(The data)

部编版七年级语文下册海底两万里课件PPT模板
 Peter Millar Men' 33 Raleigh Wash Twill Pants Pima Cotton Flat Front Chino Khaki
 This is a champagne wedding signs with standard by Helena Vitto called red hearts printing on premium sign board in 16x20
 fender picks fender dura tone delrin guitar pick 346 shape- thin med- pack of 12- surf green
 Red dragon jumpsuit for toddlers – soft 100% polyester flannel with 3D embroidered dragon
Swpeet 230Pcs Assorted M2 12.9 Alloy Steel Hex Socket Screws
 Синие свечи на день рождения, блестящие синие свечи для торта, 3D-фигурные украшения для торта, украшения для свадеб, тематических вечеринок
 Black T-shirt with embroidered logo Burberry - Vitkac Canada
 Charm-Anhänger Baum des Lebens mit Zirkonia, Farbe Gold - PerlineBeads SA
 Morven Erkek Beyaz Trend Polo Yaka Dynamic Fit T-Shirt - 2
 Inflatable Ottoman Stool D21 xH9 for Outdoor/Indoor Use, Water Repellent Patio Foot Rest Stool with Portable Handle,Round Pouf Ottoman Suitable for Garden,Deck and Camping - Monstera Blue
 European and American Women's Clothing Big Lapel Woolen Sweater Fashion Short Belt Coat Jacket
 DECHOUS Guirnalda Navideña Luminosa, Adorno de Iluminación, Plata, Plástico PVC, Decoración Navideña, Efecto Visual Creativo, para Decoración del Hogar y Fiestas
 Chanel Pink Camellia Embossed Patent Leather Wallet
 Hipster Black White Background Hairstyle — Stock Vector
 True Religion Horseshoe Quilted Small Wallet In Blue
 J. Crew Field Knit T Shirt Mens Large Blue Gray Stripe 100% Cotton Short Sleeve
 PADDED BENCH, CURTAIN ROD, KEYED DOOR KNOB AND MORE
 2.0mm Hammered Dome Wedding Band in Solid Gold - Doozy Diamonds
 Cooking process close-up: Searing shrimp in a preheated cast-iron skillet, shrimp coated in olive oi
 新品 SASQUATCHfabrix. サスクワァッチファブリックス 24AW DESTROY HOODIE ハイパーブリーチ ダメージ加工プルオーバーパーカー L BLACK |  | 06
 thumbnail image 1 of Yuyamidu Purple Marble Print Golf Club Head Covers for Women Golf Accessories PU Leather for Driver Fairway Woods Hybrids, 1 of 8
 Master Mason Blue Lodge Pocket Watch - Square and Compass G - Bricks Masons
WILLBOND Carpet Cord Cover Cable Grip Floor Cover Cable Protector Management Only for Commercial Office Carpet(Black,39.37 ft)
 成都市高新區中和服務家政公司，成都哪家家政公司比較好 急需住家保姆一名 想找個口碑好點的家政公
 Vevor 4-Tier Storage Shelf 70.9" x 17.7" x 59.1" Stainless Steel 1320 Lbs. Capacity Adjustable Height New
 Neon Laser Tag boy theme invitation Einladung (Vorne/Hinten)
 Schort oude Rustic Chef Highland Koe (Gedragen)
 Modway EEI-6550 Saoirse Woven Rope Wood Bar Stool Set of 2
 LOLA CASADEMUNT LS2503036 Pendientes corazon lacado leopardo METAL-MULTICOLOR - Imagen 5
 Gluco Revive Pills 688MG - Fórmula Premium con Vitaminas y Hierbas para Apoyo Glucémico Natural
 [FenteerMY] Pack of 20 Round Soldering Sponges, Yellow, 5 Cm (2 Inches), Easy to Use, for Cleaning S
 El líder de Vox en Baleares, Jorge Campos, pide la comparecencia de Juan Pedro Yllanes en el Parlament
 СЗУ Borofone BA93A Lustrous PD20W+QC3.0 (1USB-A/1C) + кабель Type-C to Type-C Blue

(End The data)

◆ **Task details**:
Your answer should consist only of the lines from the one with "Modway EEI-6550 Saoirse" through the end of the data above, reproduced exactly.

◆ **Solution below**:
 Modway EEI-6550 Saoirse Woven Rope Wood Bar Stool Set of 2
 LOLA CASADEMUNT LS2503036 Pendientes corazon lacado leopardo METAL-MULTICOLOR - Imagen 5
 Gluco Revive Pills 688MG - Fórmula Premium con Vitaminas y Hierbas para Apoyo Glucémico Natural
 [FenteerMY] Pack of 20 Round Soldering Sponges, Yellow, 5 Cm (2 Inches), Easy to Use, for Cleaning S
 El líder de Vox en Baleares, Jorge Campos, pide la comparecencia de Juan Pedro Yllanes en el Parlament
 СЗУ Borofone BA93A Lustrous PD20W+QC3.0 (1USB-A/1C) + кабель Type-C to Type-C Blue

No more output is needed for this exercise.